3 thoughts on “The Art of Bracketing in Apologetics: Switching Ground Without Losing Ground”

  1. I’ve never heard it called “bracketing” before, but it’s an apt label for it. My wife and I often talk about choosing our battles, but it’s basically the same thing. It’s helpful for focusing the conversation on what is important to establish first, or next, so that a case may be built understandably without getting sidetracked. Also, it’s helpful to keep from following red herrings. Many people will obfuscate by throwing a large number of issues into the ring that can all be answered, but not answered effectively in bulk. The nice thing is that in so doing, they play the shallow parts of their hand all at once and affords you the opportunity to add a depth to the conversation that they may not have. If you can give them pause on just one issue by going meaningfully deeper than they have considered before, they are more likely to eventually be open to hearing you on the rest.

    I did this with a Muslim apologist once. He led out with the typical barrage of shallow contentions. I picked the topic of the Trinity to focus on. By the time we had discussed through the Father and the Son to the Holy Spirit, he argued that Allah was simple and a Trinity is complex. I responded that complexity has no bearing on the truth. He hesitated, apparently not having considered that. Then he asked how I could know these things. I responded with something that’s generally not epistemologically satisfying, but in the right context can be compelling: “I’m indwelt by the Holy Spirit and he opens me to knowing the truth.” (I didn’t get into the fact that the truth of the Trinity is found in the Scriptures. I sensed it wasn’t time for that subject yet.)

    It turned out to be compelling enough that he paused for a couple of moments and responded, a bit weakly, with, “I don’t have the Holy Spirit, so I can only think with my mind.” The expression on his face indicated that he wasn’t satisfied with his answer to me.

    Just then, a disciple of his who hadn’t been involved with our conversation happened to notice the lull. He approached and jumped in with the same typical salvo of common contentions. The apologist looked up at me, held his hand up to his disciple to quiet him, and told him, “No. Respect this man.”

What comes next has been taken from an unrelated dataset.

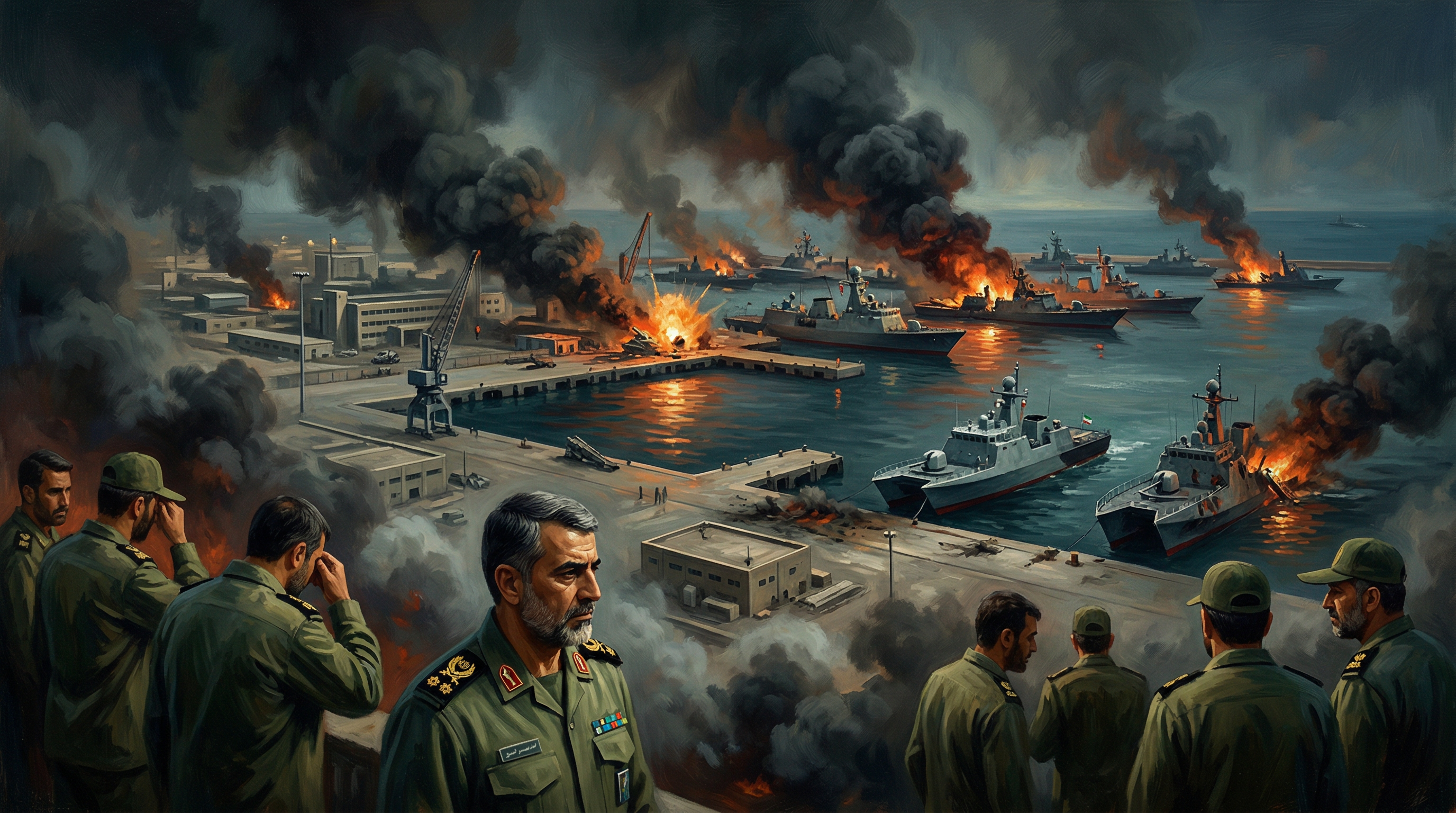 An aerial view of a coastal naval base with multiple vessels in the water, surrounded by large plumes of smoke and flames from explosions across the facility.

  2. I always enjoy reading your posts – they make me think ! ….. but I wanted to take this opportunity to tell you what a great blessing your writing has been to me (I have just finished Christian Apologetics), but also I wanted to express what a great blessing Rebecca’s articles have been to me, as well as the book she edited on the issue of men and women in the church …. I really cannot find the words to express what a difference you have both made, but I thank God for you, and pray for you.

  3. I’ve been curious whether the Samaritan woman at the well in John 4 was asking about which mountain to worship on because she had a sincere desire for truth, because she wanted to pick a fight with a Jew out of habit, or if she was using it as a red herring to take the focus away from her personal responsibility towards God. Jesus seemed to do some bracketing; he moved away from which mountain had the most historical significance and authenticity, and moved the conversation to a new Kingdom which would supersede all earthly mountaintops.